Di sisi lain, selama ini kebanyakan orang berpikir bahwa hak paten hanyalah ditujukan untuk barang-barang penemuan yang sifatnya hasil karya terbaru maupun sebuah inovasi. Atau, barang-barang yang identik dengan hasil penemuan teknologi berbau modern. Padahal hak itu juga mencakup hasil budaya dan tradisi bangsa yang diwariskan leluhur turun temurun.


Kini, setelah kasus lagu Rasa Sayange yang diklaim Malaysia mengemuka, mulai 23 Oktober lalu, karya cipta para seniman dan budayawan dilindungi secara hukum oleh Departemen Hukum dan Hak Asasi Manusia (Depkum HAM).

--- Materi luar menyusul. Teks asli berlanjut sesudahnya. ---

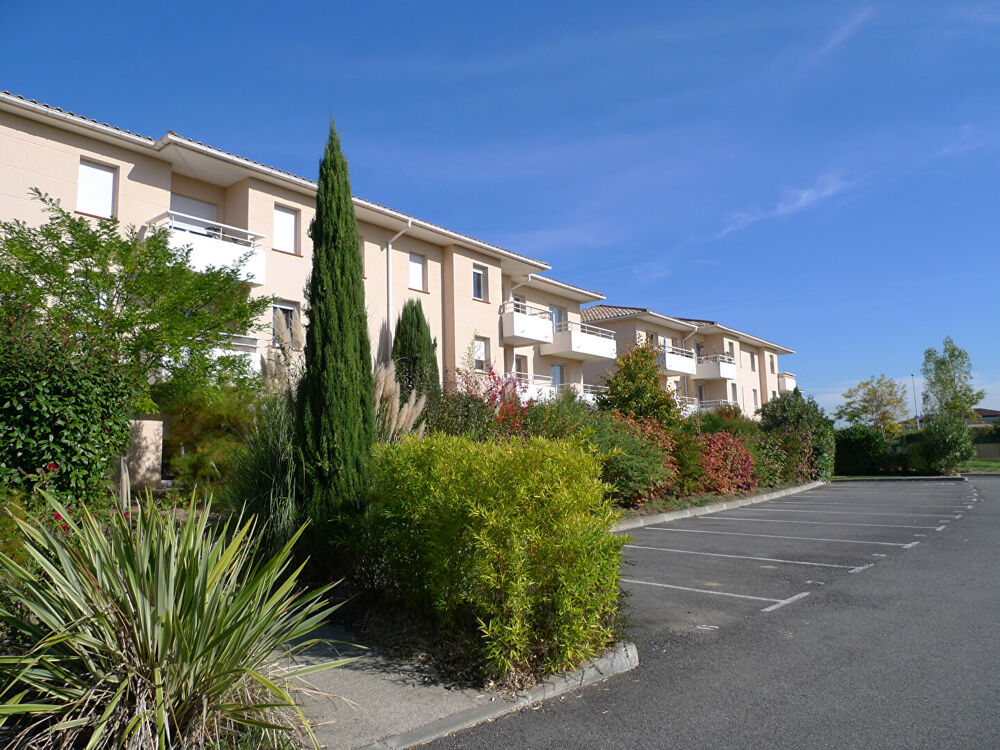 Appartement Colomiers T2 42m² + 2 pkings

Dengan perlindungan tersebut, diharapkan tak akan ada lagi karya cipta para seniman dan budayawan Indonesia yang dicaplok negara lain.


Perlindungan hukum karya-karya cipta hak intelektual para budayawan dan seniman Indonesia itu ditandai dengan ditandatanganinya naskah kerja sama antara Departemen Kebudayaan dan Pariwisata dan Departemen Hukum dan Hak Asasi Manusia. Hadir dalam acara yang dilangsungkan di Balairung Gedung Sapta Pesona Depbudpar itu antara lain Menbudpar Jero Wacik dan Menkum dan HAM Andi Mattalatta SH., MH.


Perjanjian kerja sama itu, menurut Jero Wacik, lebih banyak ditekankan pada bidang perlindungan, pengembangan, dan pemanfaatan kekayaan intelektual ekspresi budaya warisan tradisional milik bangsa Indonesia. Melalui kerja sama itu kita juga bisa memberdayakan ekspresi budaya milik bangsa Indonesia. Artinya, jika ada karya cipta milik bangsa Indonesia yang diklaim bangsa lain sebagai miliknya, maka kita bisa melakukan perlindungan secara hukum. Apabila karya tersebut tetap diklaim secara sepihak, Indonesia bisa memperjuangkan hak karya cipta tersebut dengan cara meminta royalti.


Menyusul penandatanganan itu, Menteri Koordinator Politik dan Keamanan Widodo AS pada Kamis (25/10) siang, mengumpulkan pihak terkait yang berhubungan dengan hak kekayaan intelektual. Pemerintah kini tengah menginventarisir berbagai produk barang, makanan, serta karya lainnya untuk didaftarkan dan dipatenkan oleh negara.